The entries are to be repeated exactly, with all pictures omitted.

### Extracted entries:
▽

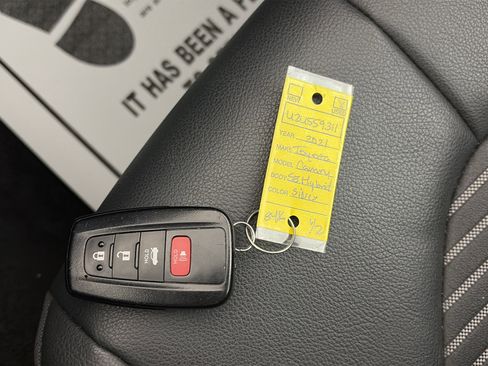 Used 2021 Toyota Camry SE image 30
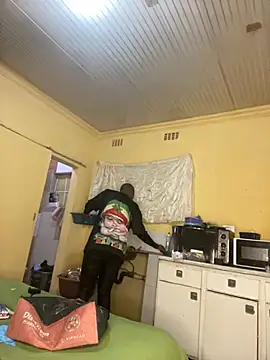 Snapshot of Ozimpho chatting on August 2026 05:37:01 PM Ozimpho online show from August 2026 05:37:01 PM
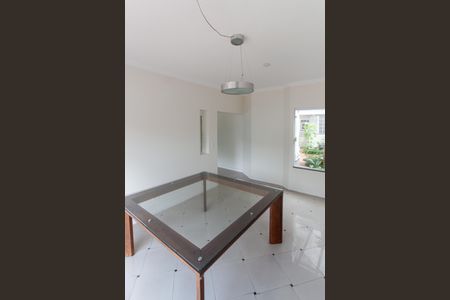 Casa para alugar com 300m², 4 quartos e 5 vagas Casa para alugar com 300m², 4 quartos e 5 vagasSala de Jantar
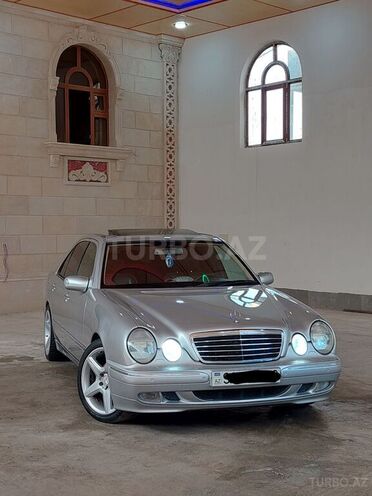 Mercedes E 320 2001, 272,000 km - 3.2 l - Şəmkir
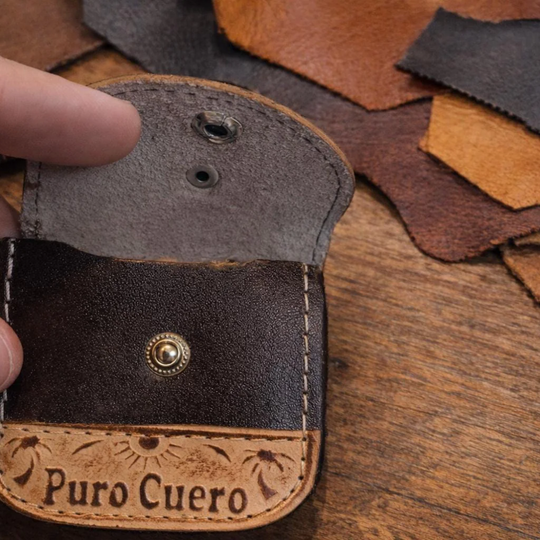 Handmade Colombian Leather Coin Pouch | Rustic Belt Wallet for Men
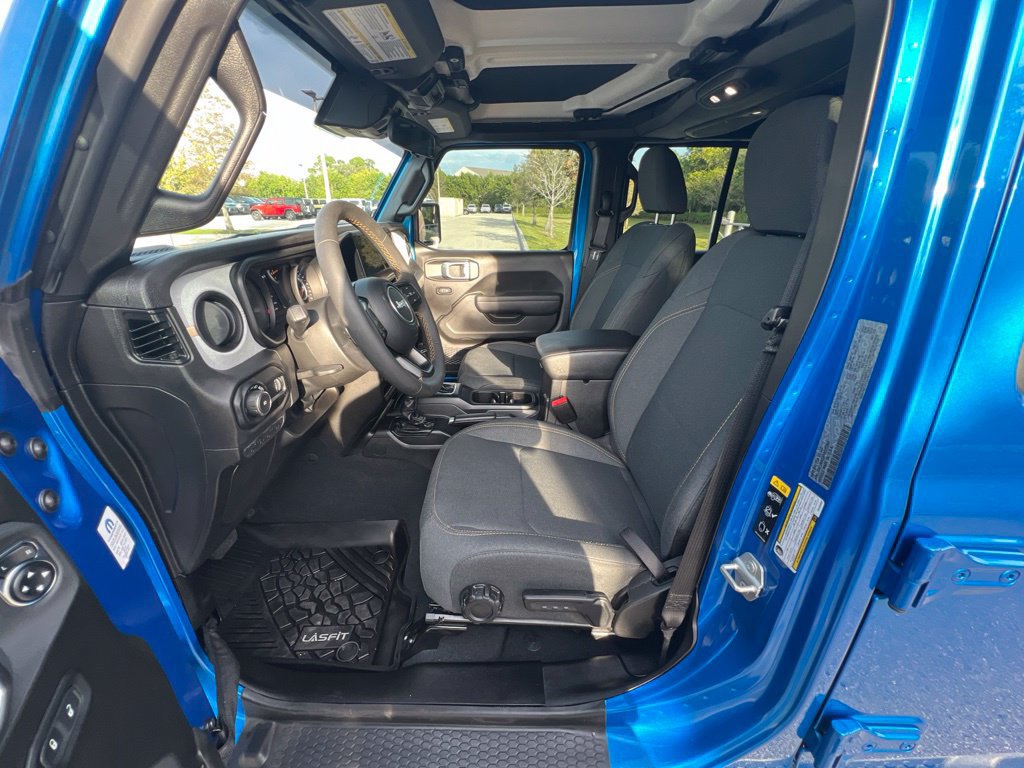 Used 2024 Jeep Wrangler Unlimited Sport AWD/4WD image 26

△

### Result:
 Used 2021 Toyota Camry SE image 30
 Snapshot of Ozimpho chatting on August 2026 05:37:01 PM Ozimpho online show from August 2026 05:37:01 PM
 Casa para alugar com 300m², 4 quartos e 5 vagas Casa para alugar com 300m², 4 quartos e 5 vagasSala de Jantar
 Mercedes E 320 2001, 272,000 km - 3.2 l - Şəmkir
 Handmade Colombian Leather Coin Pouch | Rustic Belt Wallet for Men
 Used 2024 Jeep Wrangler Unlimited Sport AWD/4WD image 26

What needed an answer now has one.